I risultati del biologico nella gdo impongono però una riflessione critica, che è declinata da Vincenzo Vizioli, presidente dell’Associazione italiana per l’agricoltura biologica (www.aiab.it), che rappresenta circa 5mila aziende agricole piccole o medie. Vizioli incrocia due dati: le risorse complessive previste dai Piani di sviluppo rurale 2014-2020 delle Regioni (PSR), con quelle destinate all’agricoltura biologica. “L’incidenza del biologico sui fondi dei PSR è dell’8,7% -spiega Vizioli-, con punte negative in Umbria (3,7%) o Campania (1,4%)”. Secondo Vizioli “in questa maniera non si copre la domanda”. L’investimento è inferiore all’incidenza della superficie agricola utilizzata a bio (1,3 milioni di ettari nel 2013) sul totale, che è pari al 10,2%. Tradotto: al presunto boom del mercato del bio, il Paese stenta a rispondere direttamente. E a ciò s’aggiunge un altro dato: “La crescita delle superfici ‘bio’ non è proporzionale alla crescita dei produttori, il che significa che nel settore entrano aziende medio grandi ed escono aziende piccole. Non un bel segnale, dato che la superficie media aziendale nel Paese è intorno ai 7 ettari”.

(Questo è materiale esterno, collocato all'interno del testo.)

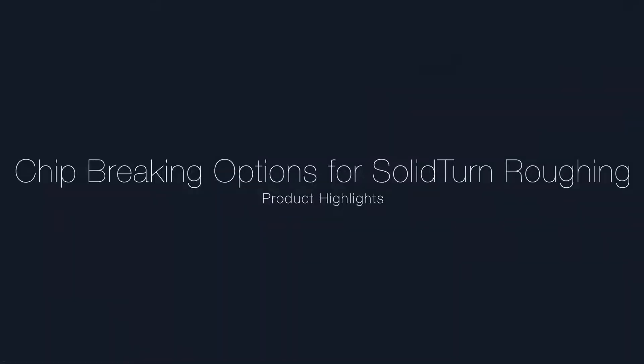This video describes the new chip breaking options for solid turn roughing, now available in Esprit.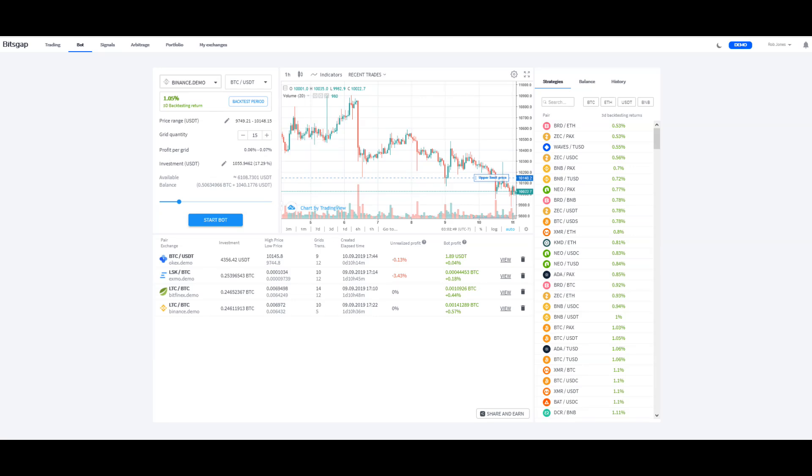Hey guys, Rob here. I just wanted to do an update for you for BitsGap on the bot trading section. There's been some pretty good little improvements here, and so I just want to go through it again.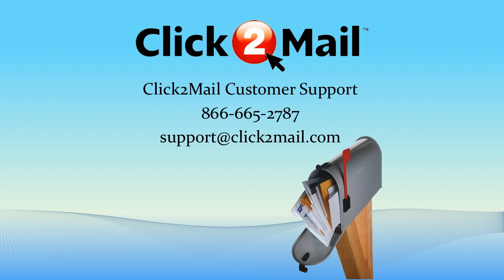Thank you for watching our Zapier demo. If you have any questions, you can contact our Customer Support Department. We look forward to hearing from you.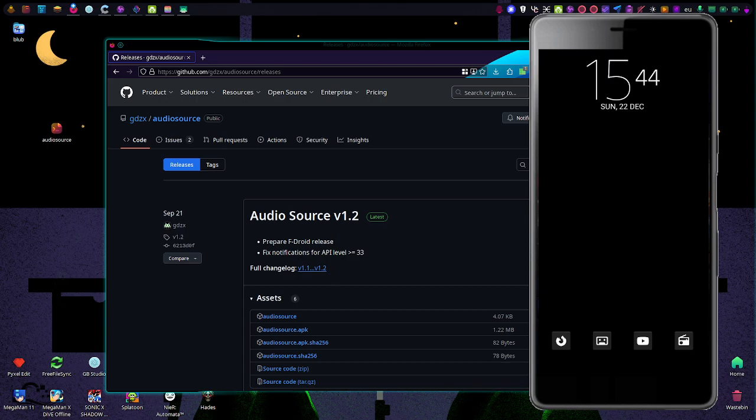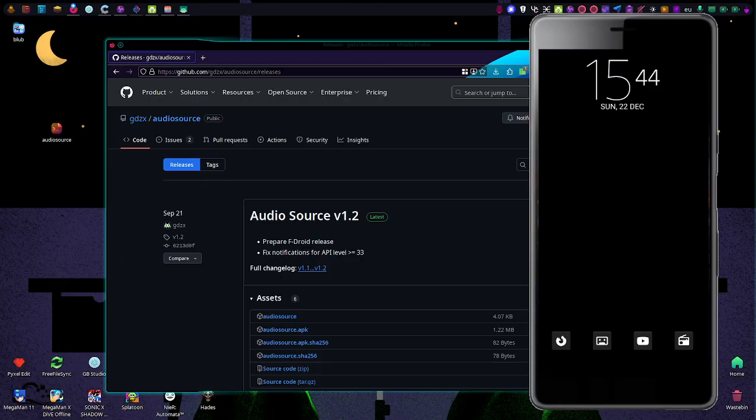Well, really just repurpose your old phones. That's also a nice use case of this. Although the page claims it really just works starting at Android 10, but this phone is still on 8.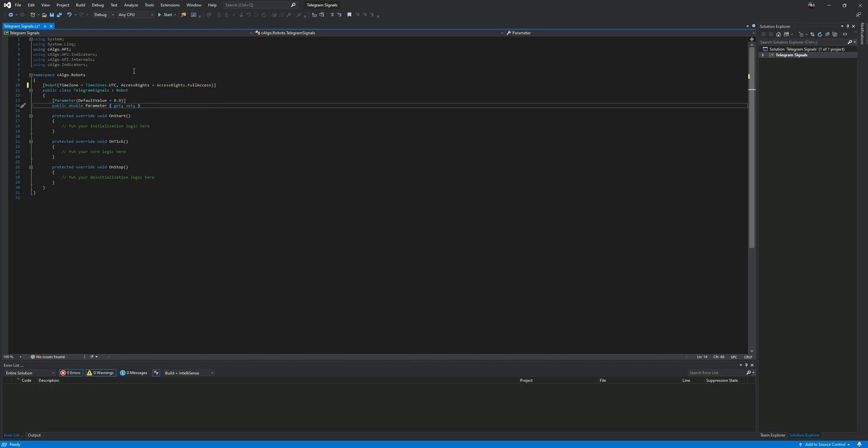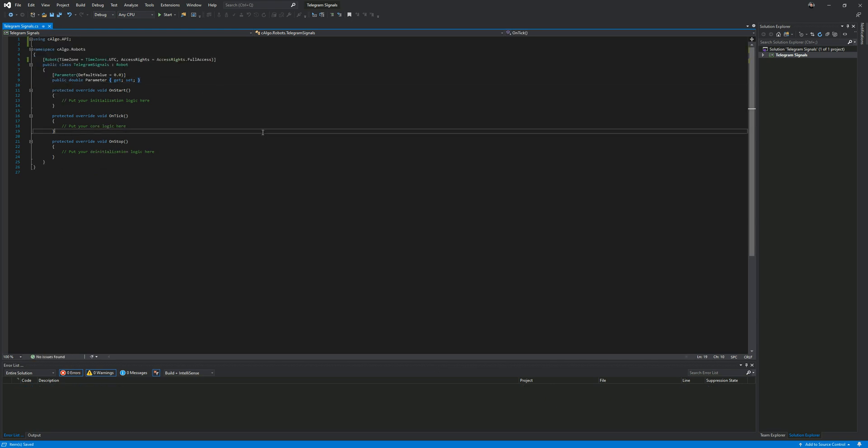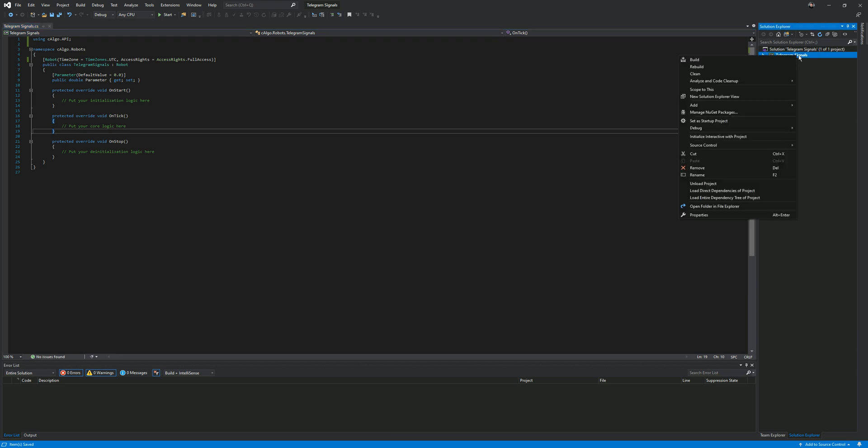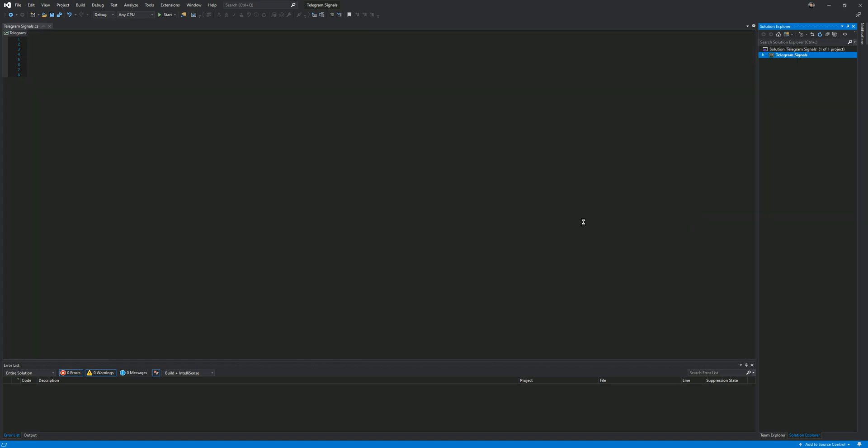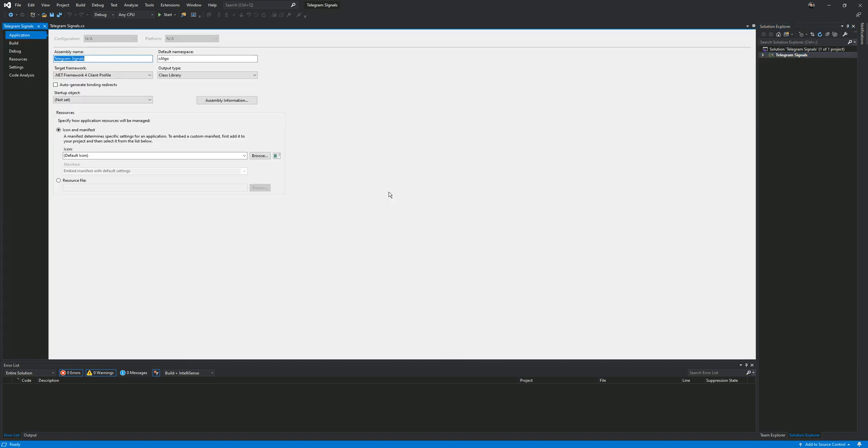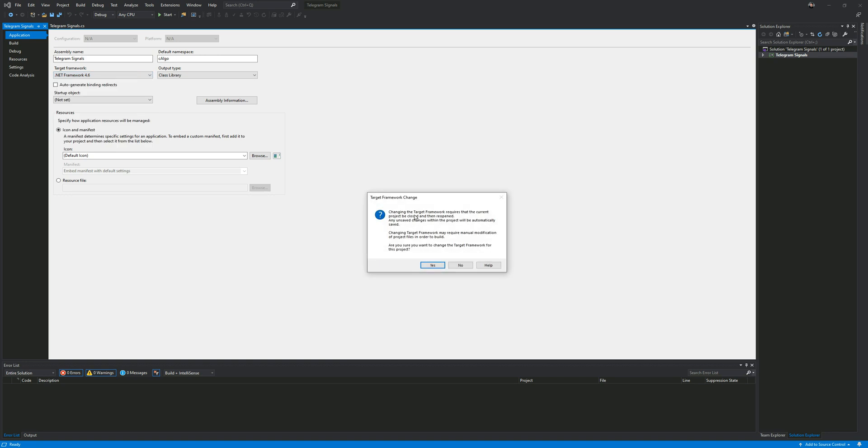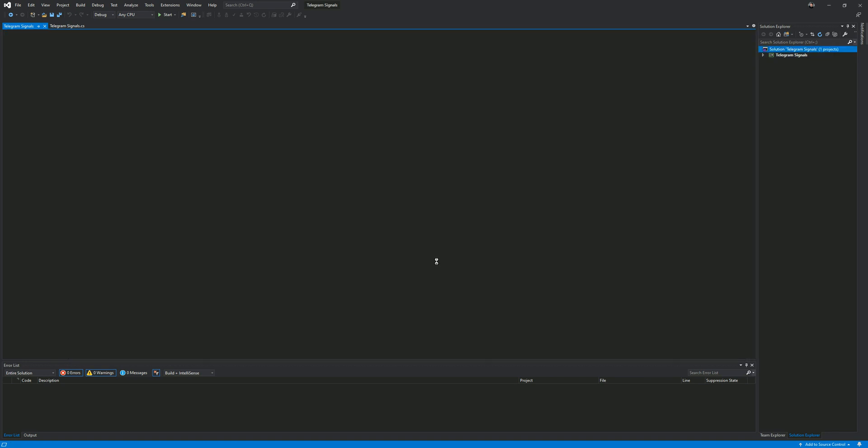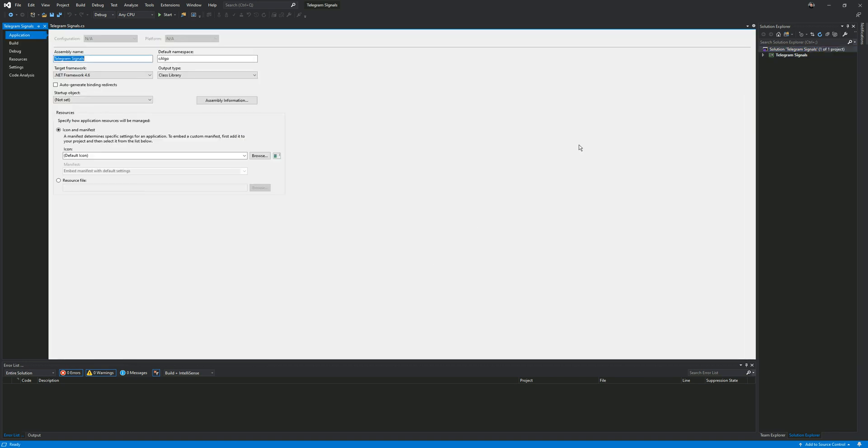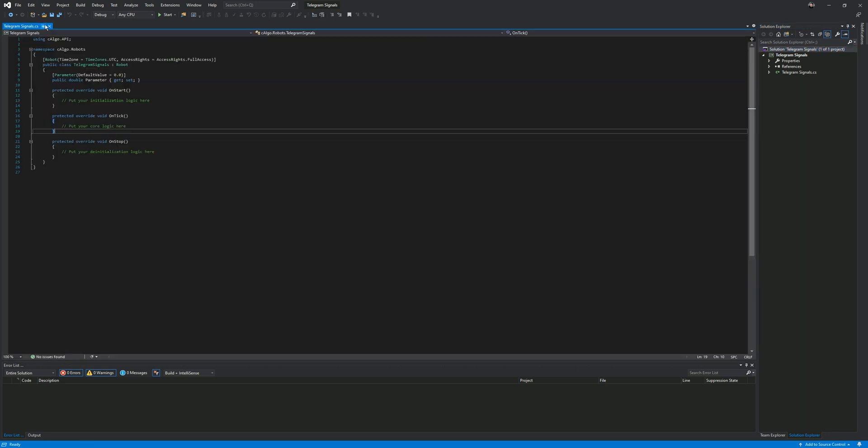Once it's changed to full access, the next thing I'm going to do is change the .NET framework version for your project. You're going to need 4.6 for this telegram library that I'm going to use. Just go to properties and change it from client profile 4 to 4.6 of the framework. Once that's done, just close this window.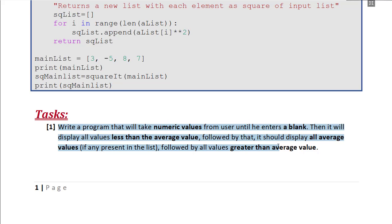Now let's see the lab manual. The task is from the review question of the last lesson, but now we will do it using a user-defined function. We have to take numeric values from the user, and this time when the user enters a blank (simply presses Enter without entering anything), that indicates they are done entering numbers. We then have to generate and display three lists: numbers less than the average, numbers equal to the average, and numbers greater than the average. In the main program, I start with an empty list, and I take inputs as strings using a while loop that runs until the user enters a blank string, appending each converted float value into the list. The function will take this list as input and return three output lists.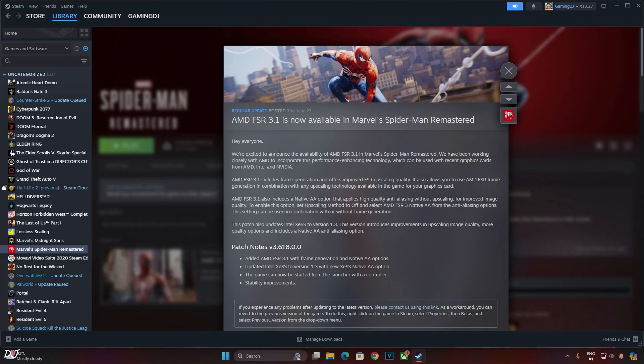Welcome back guys. AMD's FSR 3.1 is now officially available in five Nexus games.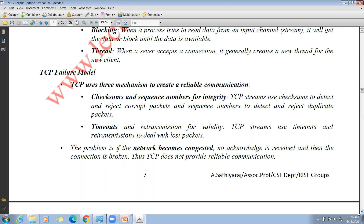TCP stream communication uses timeouts and retransmissions to deal with lost packets. The problem is: if the network becomes congested, the sender sends a packet and within the timeout expects an acknowledgement, but due to network congestion the acknowledgement reaches the sender late. This is the problem with timeouts and retransmission.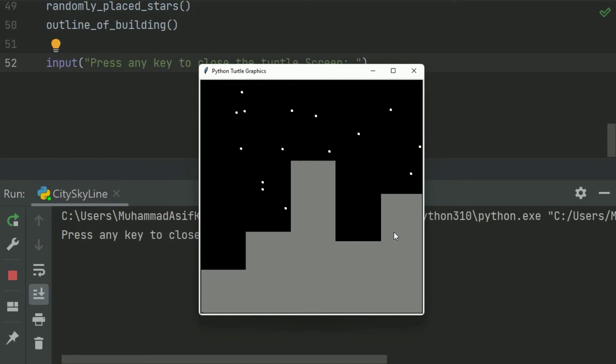Now we will write a function drawWindowsOnBuilding that will draw the windows on these buildings. Let's write the code.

È questo il punto, il modello economico. Maurizio Gritta -presidente della cooperativa agricola Iris (irisbio.com) di Calvatone, in provincia di Cremona, socia di Ae- si dice contento del “successo” dell’etichetta biologica nella grande distribuzione o nei negozi specializzati. Iris, però, ha preso fin dalla sua nascita (nel 1978) una direzione diversa, rinunciando a canali di vendita e distribuzione contrari a quel che Gritta definisce il “biologico di serie A”. E spiega perché: “Il processo che si è innescato punta verso il biologico industriale, un sistema che pensa come l’agricoltura tradizionale, sostituendo semplicemente il concime chimico con il concime naturale. Noi di Iris non ci domandiamo mai quanto dobbiamo ‘dare’ al pomodoro, ad esempio, ma come lavorare con la terra. La differenza è sostanziale”. Gritta, senza entrar nel merito, spiega che questa convinzione ha imposto a Iris di dire qualche “no” a punti di distribuzione di primaria importanza. “Questo modello di consumo e produzione che sostituisce un calendario di prodotti chimici con quelli biologici non è il ‘bio’ in cui crediamo. Quello che pratichiamo da anni vuole portare a una modifica radicale del modo di produrre, mentre il supermercato continua a fare il prezzo al contadino. Tra i due modelli non è possibile alcuna mediazione”.